I live in Upstate NY, and I've worked all over the Catskills, Adirondacks and Vermont. I've been unable to climb a hill exactly one time (on a county road) in 40 years with RWD drive and winter tires.  Even then, I could have chained up, but it was easier to drive around.  And don't tell me I don't understand about the West.  Catskills and Vermont driving conditions are more difficult than anything you'll find going to ski areas in Utah or around Denali, and far worse than anything in Colorado. 

 

BK 

 

 


But not in B.C or Montana.
 

 

post #28 of 80

I drove a lowered Honda Del sol with snow tires one season with my skis sitting shot gun throughout the interior of BC. That thing could handle the corners of a windy mountain road as if the roads were dry.
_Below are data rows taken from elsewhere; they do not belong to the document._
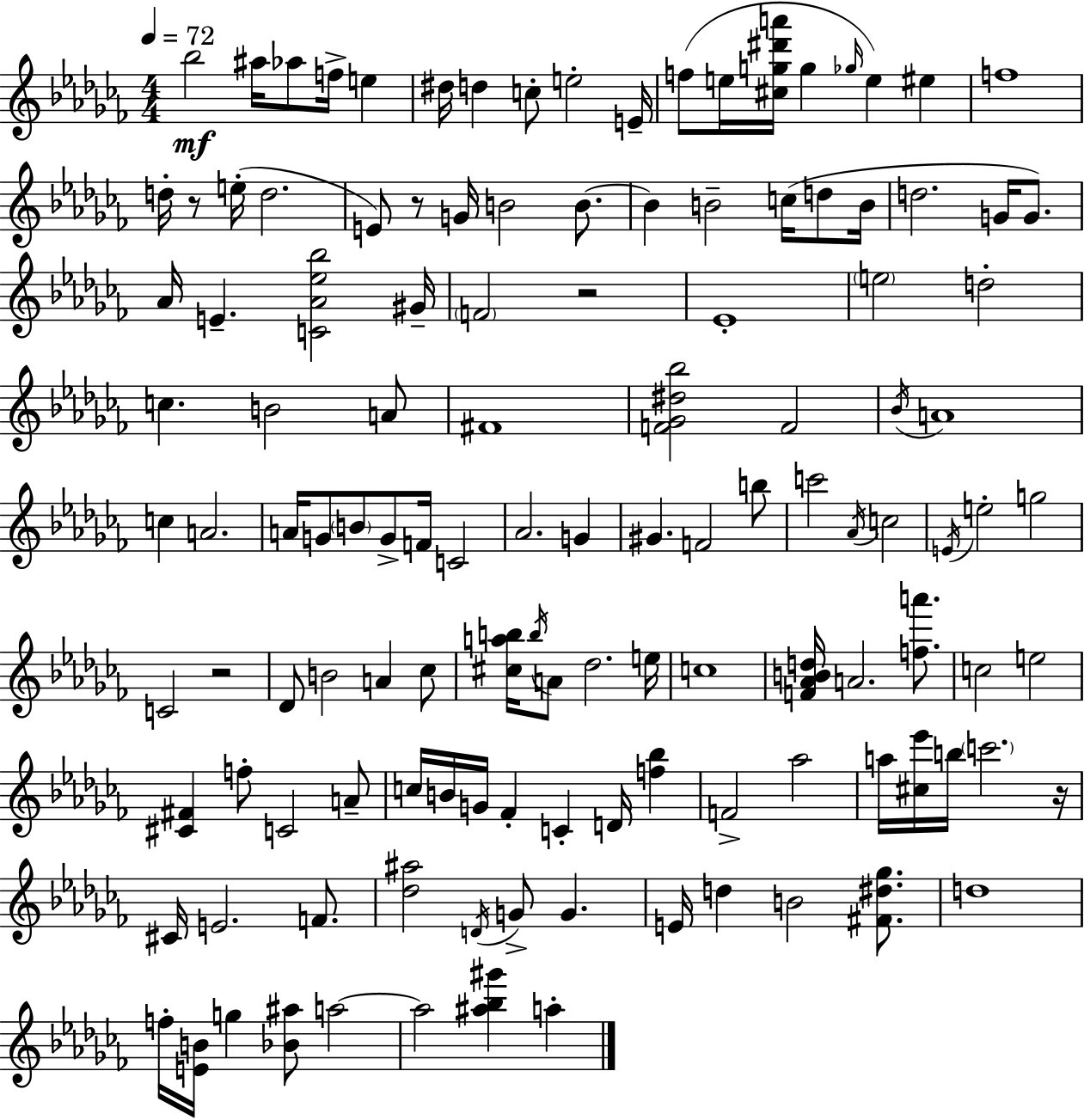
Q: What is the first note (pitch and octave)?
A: Bb5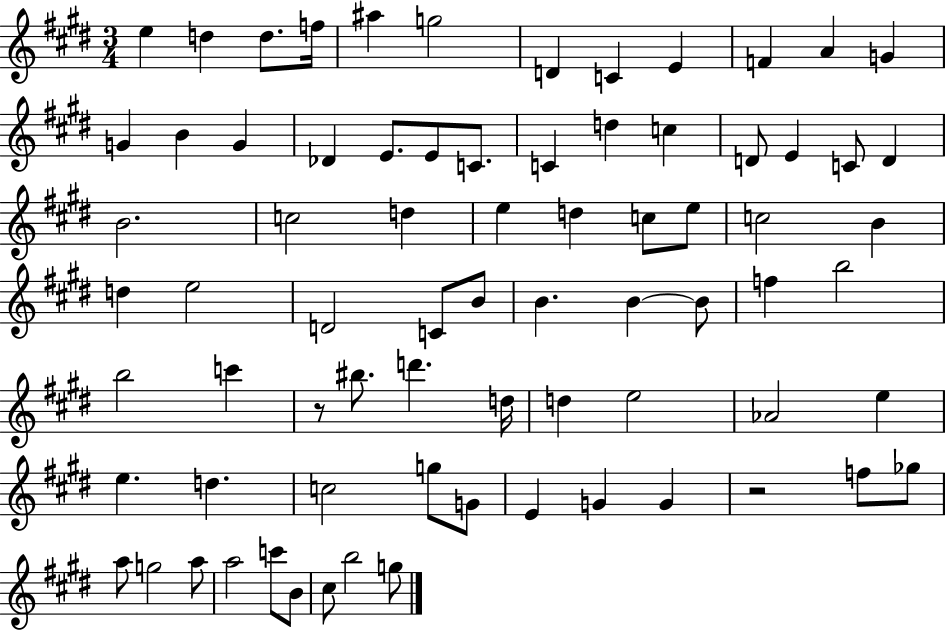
{
  \clef treble
  \numericTimeSignature
  \time 3/4
  \key e \major
  \repeat volta 2 { e''4 d''4 d''8. f''16 | ais''4 g''2 | d'4 c'4 e'4 | f'4 a'4 g'4 | \break g'4 b'4 g'4 | des'4 e'8. e'8 c'8. | c'4 d''4 c''4 | d'8 e'4 c'8 d'4 | \break b'2. | c''2 d''4 | e''4 d''4 c''8 e''8 | c''2 b'4 | \break d''4 e''2 | d'2 c'8 b'8 | b'4. b'4~~ b'8 | f''4 b''2 | \break b''2 c'''4 | r8 bis''8. d'''4. d''16 | d''4 e''2 | aes'2 e''4 | \break e''4. d''4. | c''2 g''8 g'8 | e'4 g'4 g'4 | r2 f''8 ges''8 | \break a''8 g''2 a''8 | a''2 c'''8 b'8 | cis''8 b''2 g''8 | } \bar "|."
}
It was a better in the snow than my current 4x4 suv with winter tires, got way better gas millage too.

 

 

post #29 of 80
Quote:
Originally Posted by surfacehoar View Post

I drove a lowered Honda Del sol with snow tires one season with my skis sitting shot gun throughout the interior of BC. That thing could handle the corners of a windy mountain road as if the roads were dry. It was a better in the snow than my current 4x4 suv with winter tires, got way better gas millage too.

 

 



Surface --

 

I was thinking of using my little del sol as a ski car too. Did you open the rear window and let the skis hang out? I kinda wish mine were automatic then we could do a ski trip in it with 2 people. (have the skis in the middle).

yahoo.gif

 

Its such a funny thought . just need the skis sticking out the back

del sol snow

post #30 of 80

I ran my Honda S2000 through four winters with a set of Dunlop WinterSport M3s mounted on 16" rims. It was perfectly fine in any of the snowstorms we had, and great on icy roads too.

 

My summer tires are known to harden up once they get below 45F, so I didn't want to use them in the winter months. The handling was fine. The M3s were better than the summer tires in the rain, and the handling difference on dry roads was negligible.